Modern graphics hardware is optomized for 1 type of primitive: triangles. Triangles can be seen as a linear approximation of any surface that you'd want to render. No matter what surface representation we choose to use in our Application, subdivision surfaces, bezier patches; we will eventually have to convert from that representation to a bunch of triangles approximating that surface. We call the representation that the hardware gets a Triangle Mesh.

Geometry and Connectivity

Presenting a Triangle Mesh to the hardware involves two things. Presenting the hardware with a list of vertices or geometry and presenting the hardware with a list of faces or connectivity. In modern programmable pipelines, data for the vertices are passed through Vertex Shaders that take the data that we present to the graphics hardware and allow specialized programs to adjust the data before the hardware begins to rasterize (convert our mathematical representation of triangles to pixels in the framebuffer) our triangles.
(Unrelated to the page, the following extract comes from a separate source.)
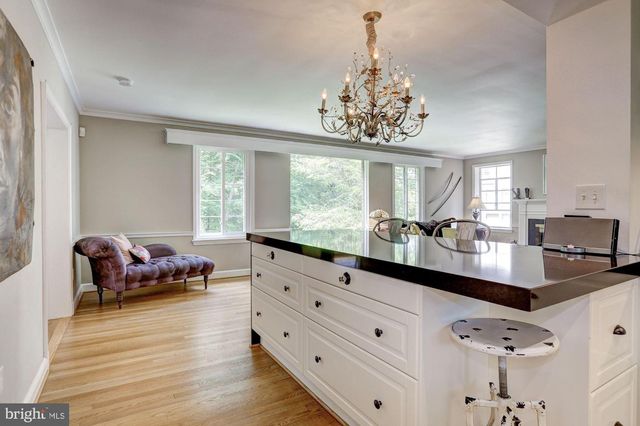 5204 WESTWOOD DR, Bethesda, MD 20816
Sending the connectivity to the hardware has its own set of concerns. Sending the connectivity can either be explicit or implicit. In explicit connectity we send a vertex buffer and an index buffer to the graphics hardware. The index buffer contains all the connectivity, and the vertex buffer contains all the geometry. In implicit schemes we only send the vertex buffer, and the order that the vertices are presented in vertex buffer determines the connectivity.
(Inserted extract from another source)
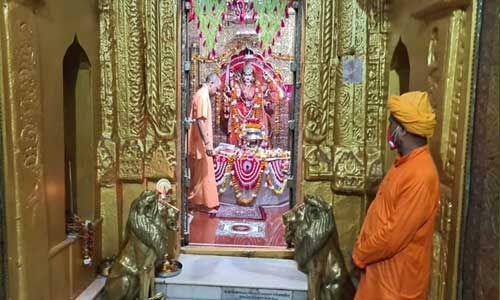 मुख्यमंत्री योगी ने शक्तिपीठ मंदिर देवीपाटन में पूजन कर देश व प्रदेश की सुख व समृद्धि की कामना की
The simplest way to send connectivity to the graphics hardware is the so-called triangle list. This is where we define a triangle as three indepedent vertices. The problem with triangle lists is that it takes three indices to define each new face. Other schemes such as triangle strips and triangle fans can define a new triangle using only one new index. In addition, graphics hardware has vertex caches, so if we respect spatial and temporial locality in our triangle meshes, we can get considerable boosts in performance. Triangle strips and triangle fans tend to be conducive to cache performance, triangle lists tend not to.

We will examine Vertex Shaders in more depth in a later tutorial. Right now, we will limit ourselves to the fixed-function pipeline.

Transformations

In the fixed function pipeline, we concern ourselves with three matrices. The first matrix is the projection matrix, this matrix takes triangles and projects them to the screen. We also have a model and a view matrix. The model matrix is used for local transforms to the triangle mesh, and the view matrix represents our camera in the scene.

Shading

When triangles are presented to the hardware, we have to tell the hardware how to interpolate attributes to each pixel. For modern hardware, Gouraud shading is almost always appropriate.